Crosschain Escrow on L3 <> L1 Validity Rollups

Crosschain Escrow on L3 <> L1 Validity Rollups

Native zkRollups utilizing a L3-Architecture based on Polygon's zkEVM to solve the interoperability between networks through a common state on L2. Exemplary app: Multichain Escrow between L1 and L3.

The problem Crosschain Escrow on L3 <> L1 Validity Rollups solves

Our project was inspired by this blog article:

As Polygon's zkEVM Beta got live this week, we thought it would be cool to get their zkEVM running locally and putting it on top of the L2 zkEVM, to have a super simplistic L3 architecture.

The trend seems to go towards a multi-layer architecture in future, such as L3's potentially for cross-chain compatibility, or L4's for privacy. Although, L3's might solve the interoperability issue between L3's and above, we might still have interoperability issues between lower layers.

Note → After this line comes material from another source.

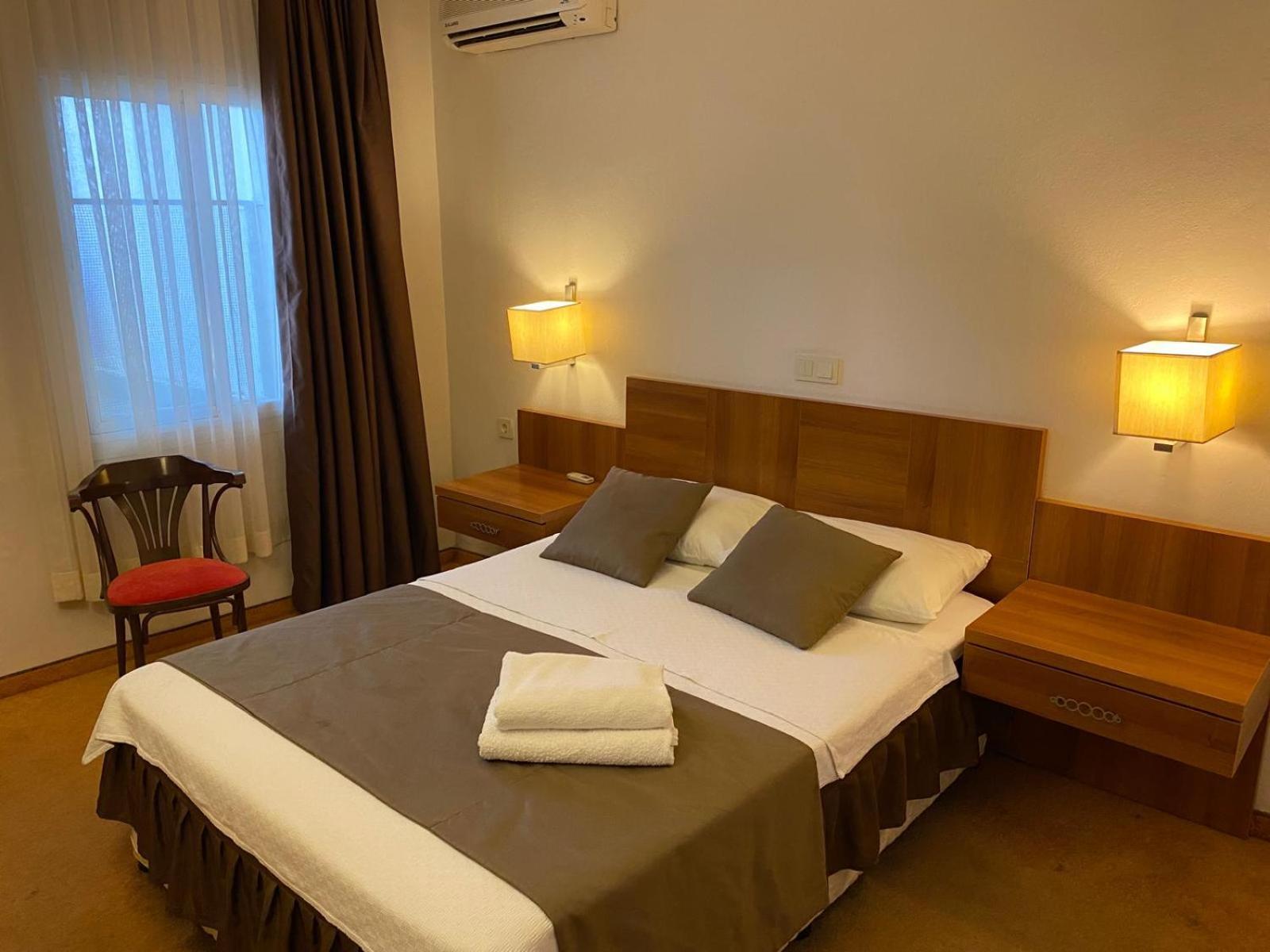 Melis Hotel Kusadasi Exterior photo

Thankfully, really smart people developed somewhat resilient bridges, LayerZero, Cosmos, Polkadot & others that get better every day. Nonetheless, going from L3 to L1, might require multiple steps.

So we thought having a simple use case such as an Multichain Escrow between L1 and L3 could be a very interesting thought-model to exchange assets between networks that are not directly connected to each other such as L1's and L2's.

Considering the nature of Validity rollups and it's finality characteristics in contrast to optimistic rollups, it should not make that much of a difference if someone uses validity proofs between L1 & L2, or L1 and L3 as long as the single layers are Validity rollups.

Challenges we ran into

Our project had a strong infrastructure component and app-layer component. As a consequence some of the challenges we faced include setting up the Polygon zkEVM stack with a mocked L1, their L2 and then putting their L2 as L3 on top of their current stack. We had to try several different approaches to accomplish this, but in the end we just went for a solution that involves two computers to keep keep the changeset small.

Another challenge we faced was when building the L1<>L3 Multichain Escrow with Bonsai and sending a dynamic payload from the Smart Contract to the Guest Code, as it required a length parameter that had to be calculated in a dynamic fashion onchain and needed to be directly encoded into the payload.

Further issues, include integrating Bonsai's Guest Code with Web3 libraries to verify that the payment had been made. The problem was that some libraries don't seem to be compatible as a simple import for certain libs made the Guest code crash.